Tech companies are getting into neuroscience. Should we worry?

by MICHAEL NOLAN

IMAGE/Space Daily/Duck Duck Go

Consumer-facing neurotechnology could make computers more accessible — and pose a new kind of threat to data privacy.

The past few decades of neuroscience research have produced a wide array of technologies capable of measuring human brain activity. Functional magnetic resonance imaging, implanted electrode systems, and electroencephalograms, or EEGs, among other techniques, have helped researchers better understand how our brains respond to and control our bodies’ interactions with the world around us.

Now some of these technologies — most notably, EEG — have broken out of the lab and into the consumer market. The earliest of these consumer-facing neurotechnology devices, relatively simple systems that measured electrical signals conducted across the skull and scalp, were marketed mostly as focus trainers or meditation aids to so-called “biohackers” seeking to better themselves through technology. However, tech industry giants have lately taken notice, and they are exploring inventive new ways to make use of the inner electrical conversations in our brains.

In 2019, Meta, then still known as Facebook, paid nearly $1 billion to purchase CTRL-Labs, a startup whose flagship product was a wristband that detects neuromotor signals, allowing the wearer to manipulate a computer system using a range of forearm, hand, and finger movements. Last year, Snap, the parent company managing Snapchat, spent an undisclosed sum to acquire NextMind, whose headset uses EEG technology to let a user “push a virtual button simply by focusing on it.” Even Valve, the video game publisher that manages the massive Steam video game store, has partnered with brain-computer interface developer OpenBCI, with an eye toward integrating brain-computer interfaces into virtual reality headsets.

The promise of these systems is to give users a new, potentially more widely accessible way to control computers — an alternative to standard interfaces such as mouses, handheld controllers, and touchscreens. What is sure to appeal to tech industry behemoths, however, are the troves of real-time data that these devices collect about a person’s neuronal activity. This latest revolution in neurotech could conceivably yield a windfall for companies like Meta and Snap, which have built their business models around data-driven advertising. For the average consumer, however, it may portend a new kind of threat to data privacy — one that regulators seem woefully unprepared to corral.

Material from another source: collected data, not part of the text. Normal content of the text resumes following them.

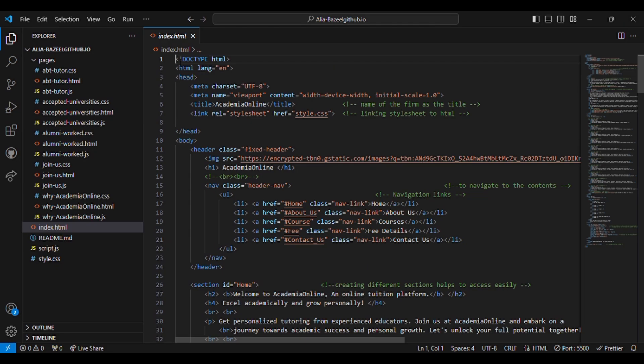Hello everyone, today we'll be looking at code to create a website. To create this website I have used HTML, CSS, and JavaScript.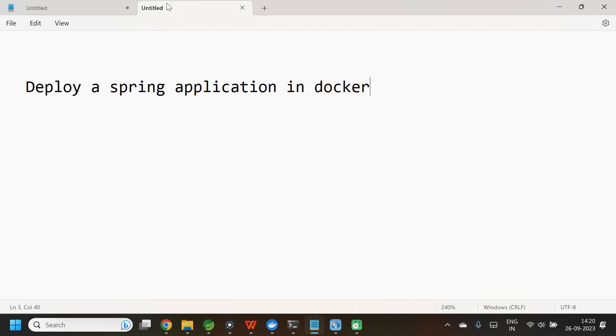Hey guys, in this video, let us learn to deploy a Spring Boot application in Docker. Before jumping into the application, let us see the steps involved in this process.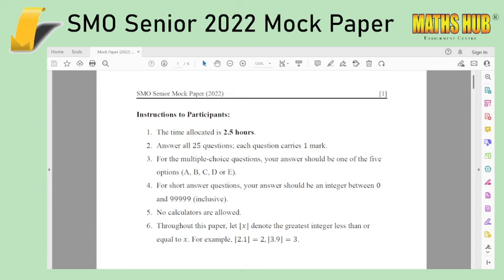Hello everyone, welcome again. This is a follow-up to the previous video and here we have our SMO senior mock paper that I've just released. You can find the link to the paper in the description below again. Similar to the SMO junior mock paper, the time frame is also meant to be two and a half hours, 25 questions.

Companies like Meta and Snap make substantial profits by collecting data on users’ web activity, using those data to identify highly specific target demographics for advertising clients, and selling access to user information to third-party businesses and researchers. A key tenet of this model is the idea that, with enough information about individuals and their habits, developers can divine, with fine-tooth specificity, how a certain person will respond to certain advertisements. To that end, companies might use feedback surveys to try to determine whether or not an ad was successful, or track people’s online interactions with ads through measures such as clickthrough rates or the time a person spends hovering their mouse pointer over a given image or video.